We can factor this expression as follows:
(ab + ac + bc)^3 - a^3b^3 - a^3c^3 - b^3c^3 = (ab + ac + bc)(ab + ac + bc)^2 - a^3b^3 - a^3c^3 - b^3c^3 = (ab + ac + bc)(ab^2 + ac^2 + bc^2 + 2abc) - a^3b^3 - a^3c^3 - b^3c^3 = (ab + ac + bc)(a^2b^2 + a^2c^2 + b^2c^2 + 2abc + a^2bc + a^2cb + b^2ac + c^2ab) - a^3b^3 - a^3c^3 - b^3c^3 = (ab + ac + bc)(a^2(b^2 + c^2) + b^2(c^2 + a^2) + c^2(a^2 + b^2) + 2(abc + a^2bc + a^2cb + b^2ac)) - a^3b^3 - a^3c^3 - b^3c^3 = (ab + ac + bc)(a^2(b + c)^2 + b^2(a + c)^2 + c^2(a + b)^2 + 2(abc + a^2bc + a^2cb + b^2ac)) - a^3b^3 - a^3c^3 - b^3c^3 = (ab + ac + bc)(a^2(b + c)^2 + b^2(a + c)^2 + c^2(a + b)^2 + 2abc(a + b + c)) - (a^3b + a^3c + b^3a + b^3c + c^3a + c^3b) = (ab + ac + bc)(a^2(b + c)^2 + b^2(a + c)^2 + c^2(a + b)^2 + 2abc(a + b + c) - (a^2b + a^2c + b^2a + b^2c + c^2a + c^2b)) = (ab + ac + bc)(a^2(b + c)^2 + b^2(a + c)^2 + c^2(a + b)^2 + 2abc(a + b + c) - (a^2 + ab + ac + b^2 + bc + c^2)) = (ab + ac + bc)(a^2(b + c)^2 + b^2(a + c)^2 + c^2(a + b)^2 + 2abc(a + b + c) - (a + b + c)(a^2 + b^2 + c^2)).
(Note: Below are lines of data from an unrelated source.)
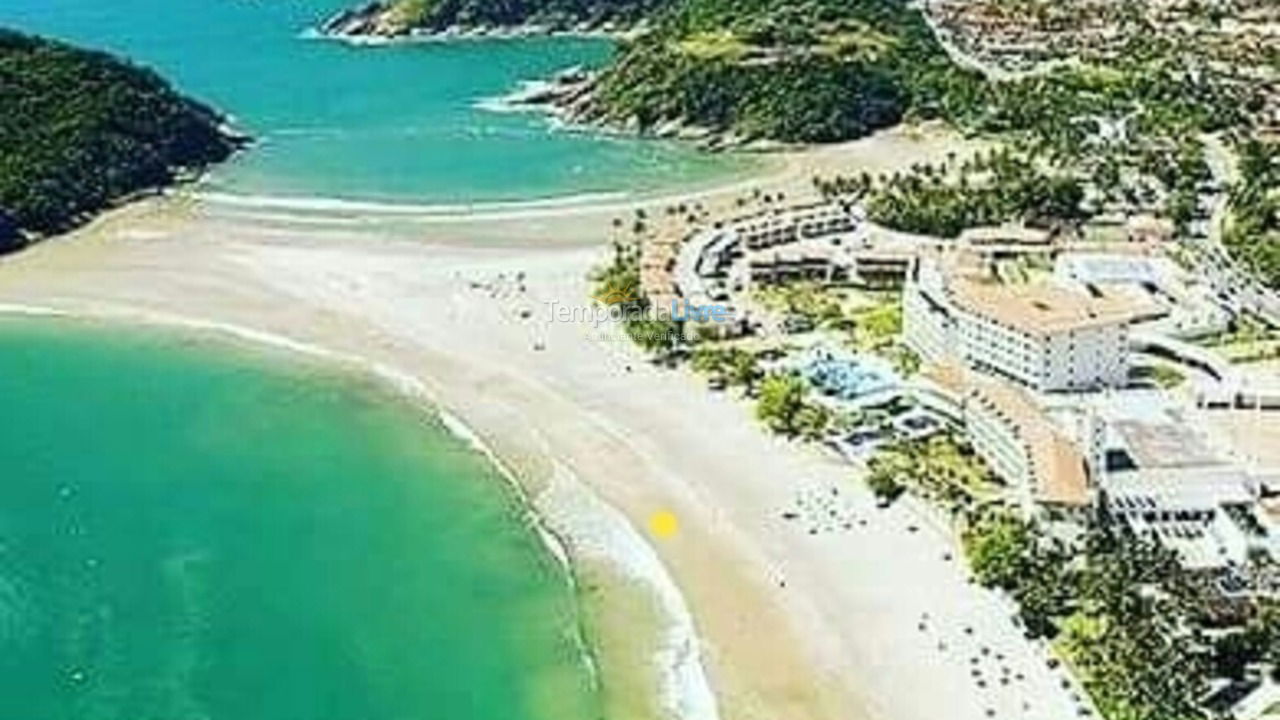 Apartment for vacation rental in Guarujá (Praia do Pernambuco)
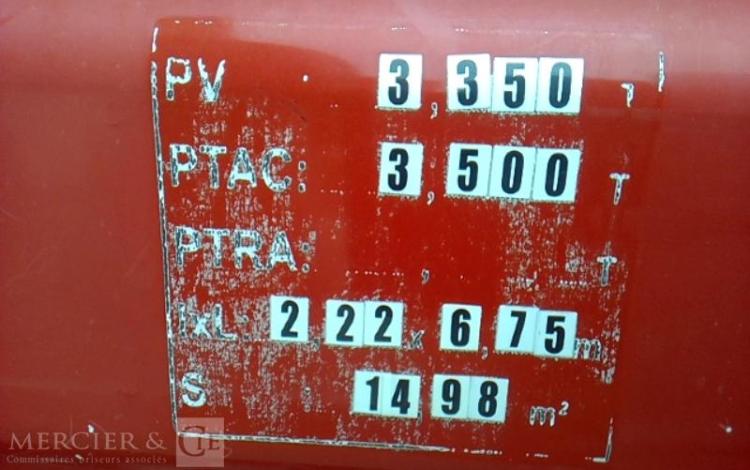 IVECO NACELLE 16M SUR VL LEGER  EL-711-JA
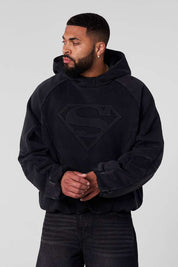 5094 - SUPERMAN SHIELD HOODIE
The expression in the parentheses is a perfect square, so we can factor it as follows:
(ab + ac + bc)(a^2(b + c)^2 + b^2(a + c)^2 + c^2(a + b)^2 + 2abc(a + b + c) - (a + b + c)(a^2 + b^2 + c^2)) = (ab + ac + bc)(a + b + c)((a + b)^2 + (b + c)^2 + (c + a)^2 - (a^2 + b^2 + c^2)) = (ab + ac + bc)(a + b + c)(a^2 + b^2 + c^2 + 2ab + 2ac + 2bc).
Therefore, the complete factorization is:
(ab + ac + bc)(a + b + c)(a^2 + b^2 + c^2 + 2ab + 2ac + 2bc).